Integration is more efficient, but Qualcomm is targeting maximum performance for both its processor and modem.
“Our view on the flagship [tier] is how can we deliver the best possible performance and the best that 5G can do? That’s what the X55 does,” said Amon. For Qualcomm, keeping the modem external means no compromises for both 5G capabilities and the Snapdragon 865’s computational performance.
Integration comes with costs
Amon also noted that “some companies that rushed into integration” had significantly pared down the performance of their 5G modems. For example, Huawei’s external Balong 5000 5G modem supports sub-6GHz and mmWave spectrum, with download speeds up to 7.5Gbps. The Balong modem integrated into the Kirin 990 5G SoC is sub-6GHz only and tops out at 2.3Gbps. It’s the same with Samsung’s Exynos 980 SoC, which is missing mmWave support and peaks at 3.6Gbps with dual mode connectivity.
However, Samsung’s external Exynos 5100 modem part hits 6Gbps downloads with mmWave tech in tow, while the Exynos 5123 hits 7.35Gbps. Samsung is planning to pair its Exynos 990 with an external Exynos 5123 modem to hit blazing fast speeds and mmWave support. It’s clear that efforts to integrate 5G capabilities require compromises to performance.
Samsung's Exynos 990 will also be paired with an external modem to hit speeds above 7Gbps.
To see what Qualcomm has accomplished on the integrated side, look to the Snapdragon 765 and its Snapdragon X52 modem. The X52 supports 3.7Gbps download speeds and, perhaps more importantly, mmWave and dynamic spectrum sharing. It’s as good, if not better than its competitors. The X52 is clearly a very capable integrated part, but still operates at almost half the bandwidth of the X55. You still need to go external to find the most capable 5G modems on the market.
External needn’t be inefficient
While Qualcomm is clearly keen to talk up its capabilities and downplay the lack of integration, the Snapdragon X55 is a genuine step up from the X50 found in today’s devices.
Peak download speeds go from 5 to 7.6Gbps. The X55 also introduces support for 5G FDD spectrum and Standalone 5G networks. Importantly, it’s a dual-mode 4G and 5G modem, offering dynamic spectrum sharing for improved speeds and network transparency while the industry transitions and expands 5G coverage.

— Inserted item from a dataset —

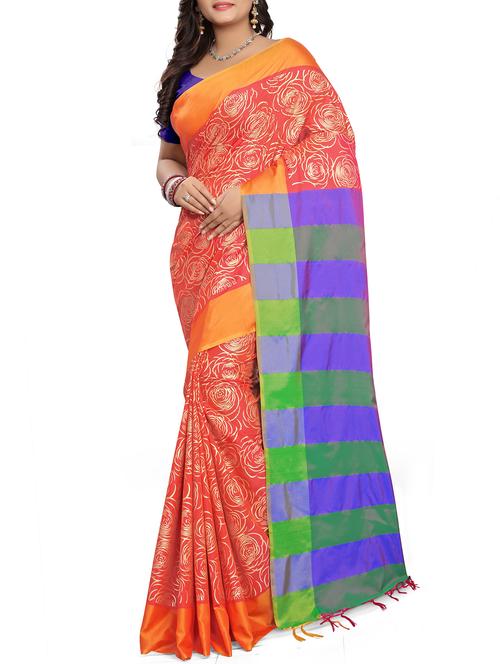 floral foil printed saree with blouse - 16030183 - Very Small Image - 1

Interestingly, the Snapdragon 865 and X55 modem pairing is more efficient at 4G LTE than the Snapdragon 855’s integrated X24 modem. Amon explains that “the architecture has not compromised battery life” and the new solution actually offers a better day of 4G use than its predecessor. Using an external modem won’t have a negative impact on battery life when you’re in an area with only 4G coverage. 5G power consumption is clearly more demanding, but battery and networking performance will improve in 2020 smartphones.
As for when we’ll see an 800-series Snapdragon with an integrated modem? Apparently, we’ll have to return to Maui next year to find out. It will be 2021 before smartphones offer both premium-tier 5G performance with the area and energy benefits of an integrated chip.